Cloud Monitoring Metrics: Built-in, Custom, and External

Understanding the differences between built-in, custom, and external cloud monitoring metrics helps you make better decisions about observability strategy, cost management, and operational complexity.

When you start monitoring applications and infrastructure on Google Cloud, you immediately face a fundamental question: which cloud monitoring metrics should you track? The platform offers three distinct types: built-in metrics that come automatically with GCP services, custom metrics you define yourself, and external metrics pulled from sources outside Google Cloud. Each approach involves specific trade-offs in cost, implementation effort, and operational value that can significantly impact your observability strategy.

This decision matters because monitoring is rarely free. Every metric you collect consumes storage, generates API calls, and potentially triggers alerts that require human attention. Choose poorly, and you might miss critical signals while drowning in noise and unexpected bills. Choose wisely, and you build a monitoring foundation that scales efficiently while surfacing exactly the insights your team needs.

Built-in Metrics: The Foundation Layer

Built-in metrics are automatically collected and provided by Google Cloud services without any configuration on your part. When you launch a Compute Engine instance, start a Cloud SQL database, or deploy a Cloud Run service, Google Cloud immediately begins tracking dozens of predefined metrics specific to that service.

These metrics fall into three categories. Infrastructure metrics include CPU utilization, disk I/O rates, network throughput, and memory consumption. Application metrics capture response times, error rates, request counts, and latency percentiles. System metrics track details like load averages and process counts that reveal overall system health.

For example, a Cloud SQL instance automatically reports metrics like database connections, transaction counts, CPU seconds used, and storage consumption. You access these through Cloud Monitoring without writing a single line of instrumentation code. A furniture retailer running an inventory management system on Cloud SQL can immediately see query latency spikes or connection pool exhaustion without custom instrumentation.

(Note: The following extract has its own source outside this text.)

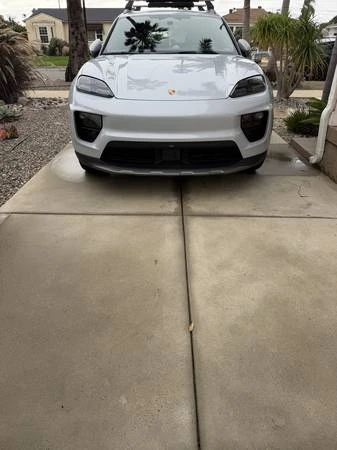 2025 Porsche Macan Electric - Image 2 of 3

The strengths here are compelling. Built-in metrics require zero setup effort. They follow consistent naming conventions across GCP services, making them predictable once you learn the patterns. Google optimizes their collection and storage, so they perform efficiently even at high cardinality. For services covered by service level objectives, built-in metrics provide the foundation for reliability tracking. The data flows automatically into Cloud Monitoring where you can build dashboards, configure alerts, and analyze trends.

When Built-in Metrics Fall Short

The limitation becomes apparent when you need business context. Built-in metrics tell you that your Cloud Run service is processing 500 requests per second with 99th percentile latency of 240 milliseconds. They can't tell you how many of those requests resulted in completed purchases, abandoned carts, or feature activations.

A subscription box service might see perfectly healthy infrastructure metrics while customer churn accelerates because a recommendation algorithm is returning poor results. The API responds quickly and error rates stay low, but the business outcome suffers. Built-in metrics lack this semantic layer.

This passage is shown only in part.